------ Entries shown ------

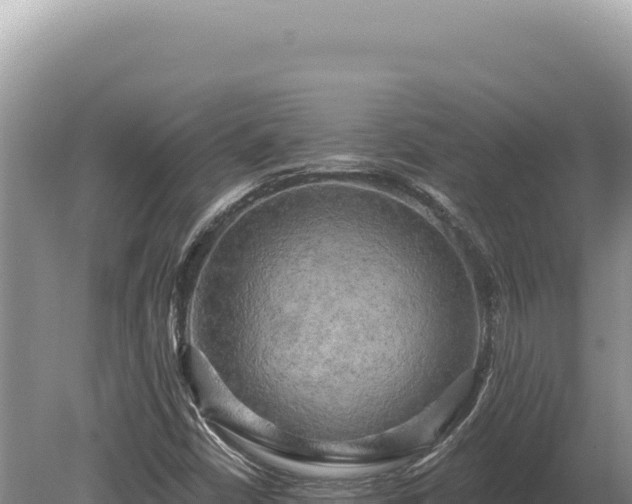 X0000080151402200612151818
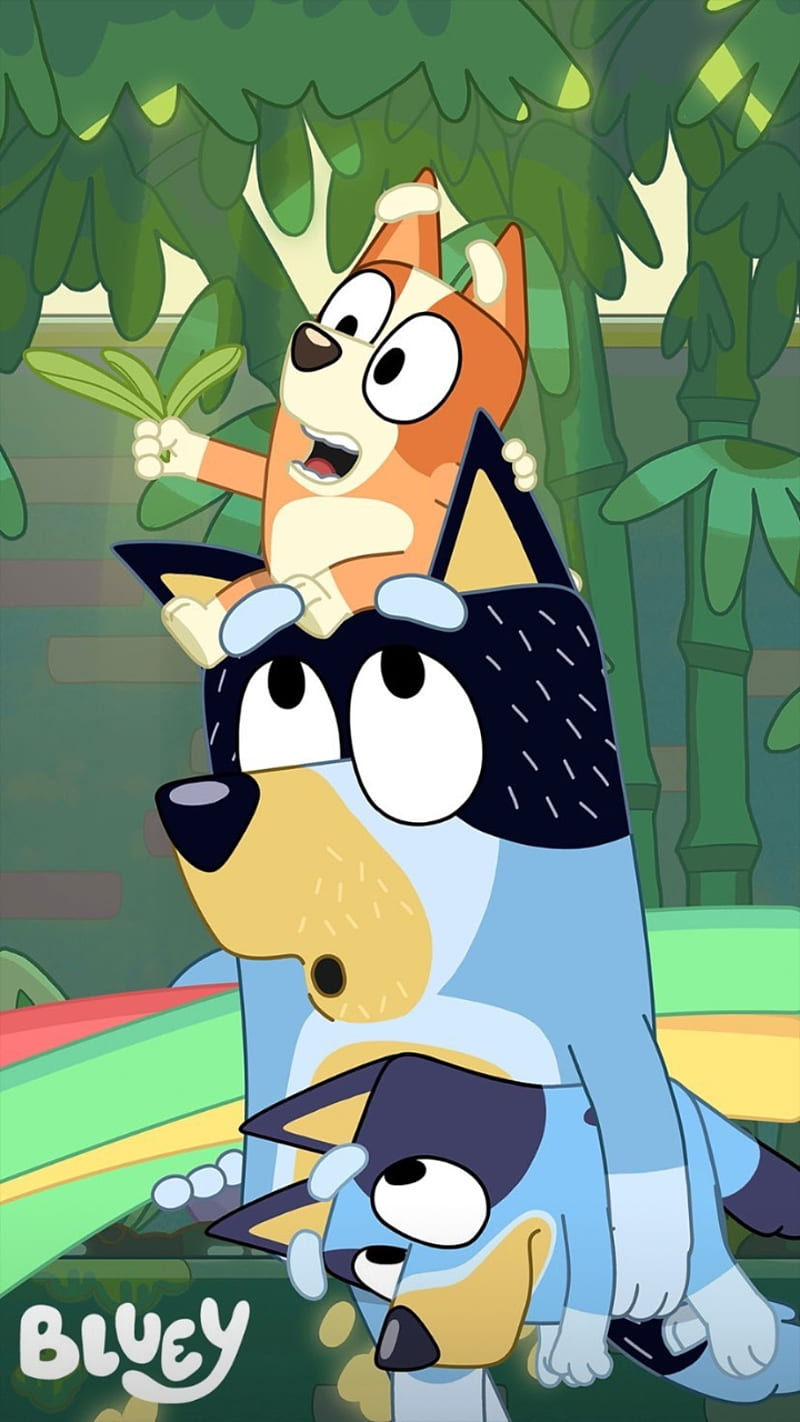 800x1422 HD bluey wallpaper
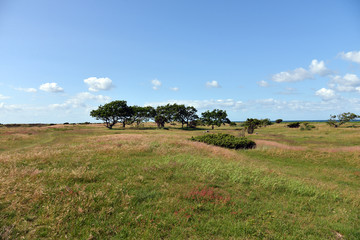 Obraz premium beach in Denmark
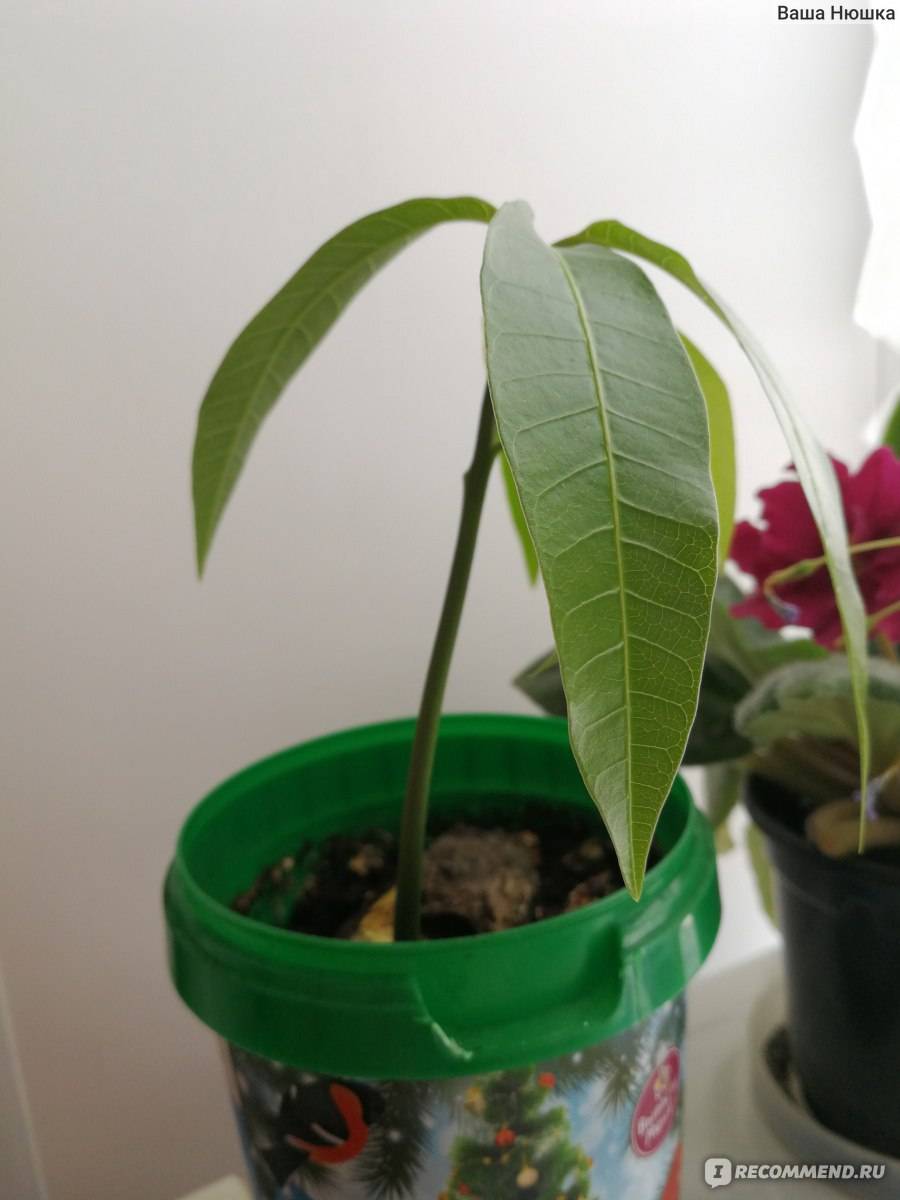 Выращивание манго из косточки в домашних условиях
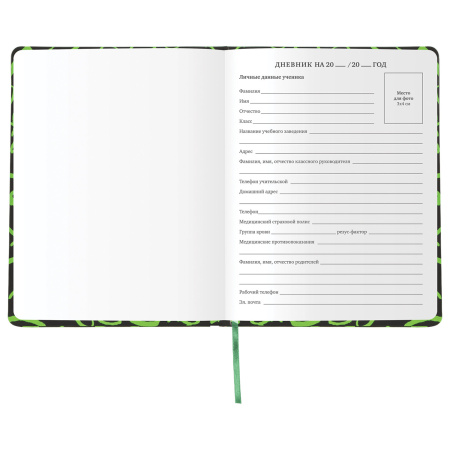 Дневник 1-11 класс 48 л., кожзам (твердая с поролоном), флуоресцентный, BRAUBERG, "ШРИФТ", 105983 - Дневники для старших классов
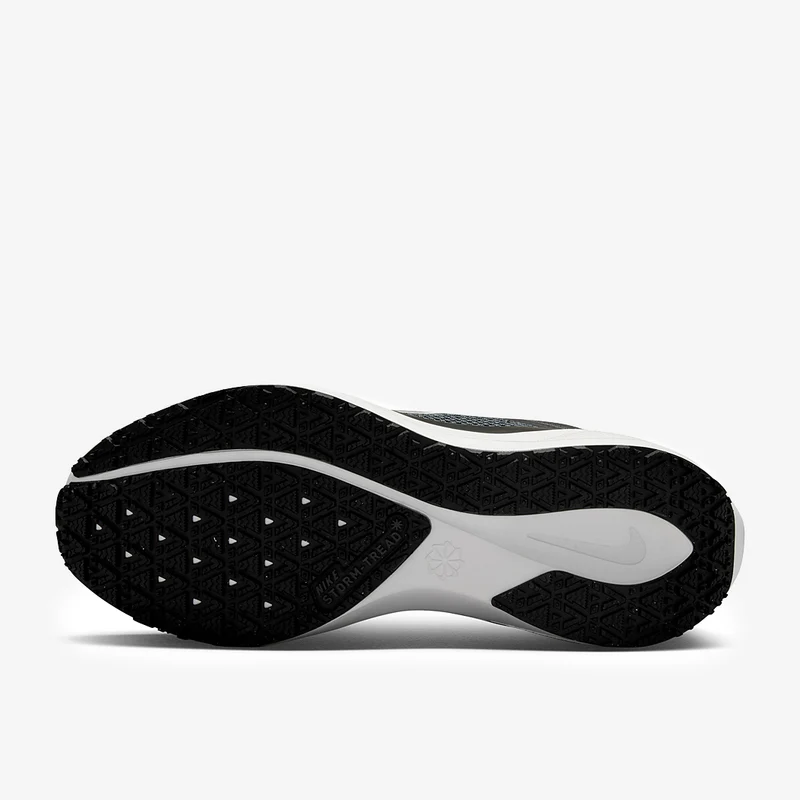 Nike Wasserdichter Straßenlaufschuh (Damen) Pegasus 41 GORE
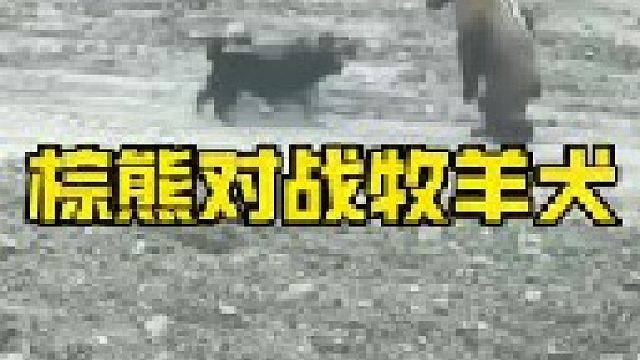高原棕熊与牧羊犬开战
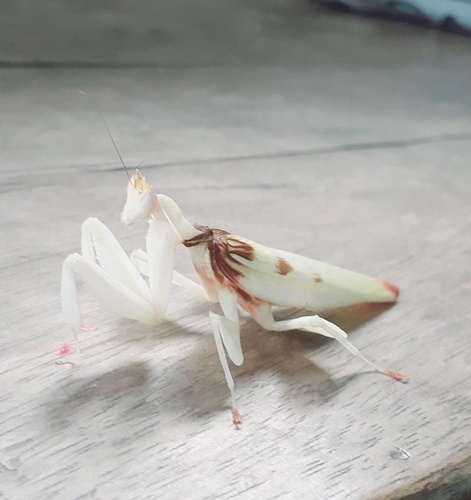 Orchid Mantis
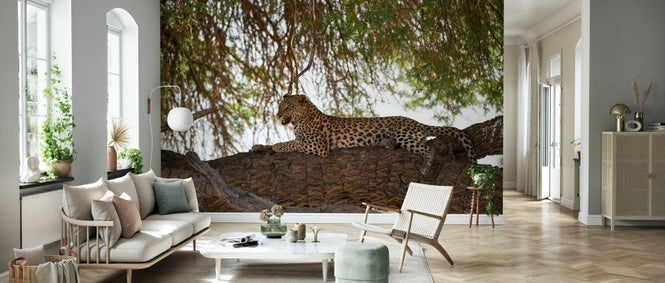 PHOTOWALL / Leopard Resting (e331530)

------

Work to complete
I would like you to retype exactly the lines running from the one containing "Obraz premium beach in Denmark" to the last line of the entries, both included, leaving all pictures out.

Your response
 Obraz premium beach in Denmark
 Выращивание манго из косточки в домашних условиях
 Дневник 1-11 класс 48 л., кожзам (твердая с поролоном), флуоресцентный, BRAUBERG, "ШРИФТ", 105983 - Дневники для старших классов
 Nike Wasserdichter Straßenlaufschuh (Damen) Pegasus 41 GORE
高原棕熊与牧羊犬开战
 Orchid Mantis
 PHOTOWALL / Leopard Resting (e331530)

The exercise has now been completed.